3DGSNav: Enhancing Vision-Language Model Reasoning for Object Navigation via Active 3D Gaussian Splatting

TL;DR

This paper tackles the limitations of scene abstractions in zero-shot object navigation by introducing 3DGSNav, which uses 3D Gaussian Splatting as a persistent memory for vision-language models. Through active perception, memory-enabled free-viewpoint rendering, and structured prompts with Chain-of-Thought prompting, the approach enables long-horizon spatial reasoning and frontier-based exploration. The method jointly employs a real-time detector for efficiency and a VLM-driven re-verification module to robustly confirm target objects, with extensive evaluations on Habitat benchmarks and real-world quadruped experiments showing significant gains over state-of-the-art baselines. The results demonstrate that grounding VLM reasoning in a 3D, memory-rich representation can substantially improve navigation performance and reliability in unknown environments, with practical implications for embodied AI systems.

Abstract

Object navigation is a core capability of embodied intelligence, enabling an agent to locate target objects in unknown environments. Recent advances in vision-language models (VLMs) have facilitated zero-shot object navigation (ZSON). However, existing methods often rely on scene abstractions that convert environments into semantic maps or textual representations, causing high-level decision making to be constrained by the accuracy of low-level perception. In this work, we present 3DGSNav, a novel ZSON framework that embeds 3D Gaussian Splatting (3DGS) as persistent memory for VLMs to enhance spatial reasoning.

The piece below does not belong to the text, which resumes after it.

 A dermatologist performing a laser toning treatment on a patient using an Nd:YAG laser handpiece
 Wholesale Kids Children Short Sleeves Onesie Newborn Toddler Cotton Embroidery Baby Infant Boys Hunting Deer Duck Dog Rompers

Through active perception, 3DGSNav incrementally constructs a 3DGS representation of the environment, enabling trajectory-guided free-viewpoint rendering of frontier-aware first-person views. Moreover, we design structured visual prompts and integrate them with Chain-of-Thought (CoT) prompting to further improve VLM reasoning. During navigation, a real-time object detector filters potential targets, while VLM-driven active viewpoint switching performs target re-verification, ensuring efficient and reliable recognition. Extensive evaluations across multiple benchmarks and real-world experiments on a quadruped robot demonstrate that our method achieves robust and competitive performance against state-of-the-art approaches.The Project Page:https://aczheng-cai.github.io/3dgsnav.github.io/

Figures (24)

• Figure 1: 3DGSNav Real-World Demonstration. The robot successfully navigates to locate the toilet. The reasoning process is simplified for clarity. The manipulator can move freely to support active perception.
• Figure 2: System overview. The system builds navigation-oriented environment representations from robot poses and RGB-D observations via active perception. Free-viewpoint optimization and structured visual prompts guide VLM-based zero-shot navigation planning, while online object detection and viewpoint re-verification enable efficient target localization.
• Figure 3: Visualization of the action-decision VLM target re-verification. The green circular bounding boxes indicate detections from the real-time detector, while the red bounding boxes denote the final detection results.
• Figure 4: Comparison of self-explanations of Gemini3-Pro and Qwen3-235b-Thinking on ZSON tasks. The left and right images correspond to Gemini3-Pro and Qwen3-235b-Thinking, respectively. The target object is highlighted by a red bounding box.
• Figure 5: Failure cause statistics. Distribution of different failure types.